Friday, February 14, 2014

The Crazy Eight Body Weight Circuit



It's another edition of Fitness Friday and today we are going to take a look at a body weight circuit training called the crazy eight. Traditionally, circuit training involves following several planned exercises performed back-to-back with as little rest as possible. The great thing about circuit training is that it is a way to burn fat while lifting. You aren’t lifting for mass or strength per se, but you are lifting to create an HGH response, which in turn boosts your metabolism and helps to reduce excess body fat. A well-planned circuit training routine is a great way to get in shape without spending a lot of time in the gym but some people don’t have a gym membership or fancy equipment at home. Others have weights, but they don’t have a good treadmill or exercise bike. What if you could get in shape by using your body weight for resistance?

Craig Ballantyne from Turbulence Training has an amazing body weight routine that you can do in your own home?

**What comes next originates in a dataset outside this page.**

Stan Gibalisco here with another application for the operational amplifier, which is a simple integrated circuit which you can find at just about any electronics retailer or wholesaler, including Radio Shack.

This workout might give you flashbacks of gym class in Junior High.


The Crazy Eight Body Weight Circuit

Each exercise is done back-to-back with zero rest in between.

60 Jumping Jacks: Done as fast as possible, but make sure you do full jumping jacks.

15-20 Spiderman Pushups: You can do normal pushups it this is a challenge.

Walking Lunges: Ten steps on each side.

Spiderman Climb: (10 per side) These really target the abs and obliques.

Wall Squat: Do for 45-60 seconds. Ouch! This hurts! Don’t rest your hands upon your legs.

Planks: Hold for 60 seconds. Try for 30 seconds if 60 seconds is too much.

5 Burpees: Make sure and do a full pushup at the bottom and explode as high as possible at the top into a jump.

High Knees: Done as fast as possible. Do 50 total. By this time you should be reaching for the oxygen tank.

Rest 60 seconds and repeat....if you can. Craig goes through this circuit a total of three times. Maybe that's where the "crazy" Part comes in.

Personal Notes:  

This routine will have you wheezing like a chain smoker. I was barely able to make it through the first circuit and stopping to rest after the burpees. Honestly, this workout wiped me out and I stopped half way through the second circuit. So be warned.  Don’t add the second or the 3rd cycle until you are ready.


The views expressed on this site are my opinions and should not be taken as a substitute for qualified medical expertise. I am not a Doctor. I do not give medical advice or make claims to cure any sickness, disease or affliction. I simply share my understanding of health and fitness. Please consult your Doctor or Health Care Practitioner before starting any diet or fitness routine.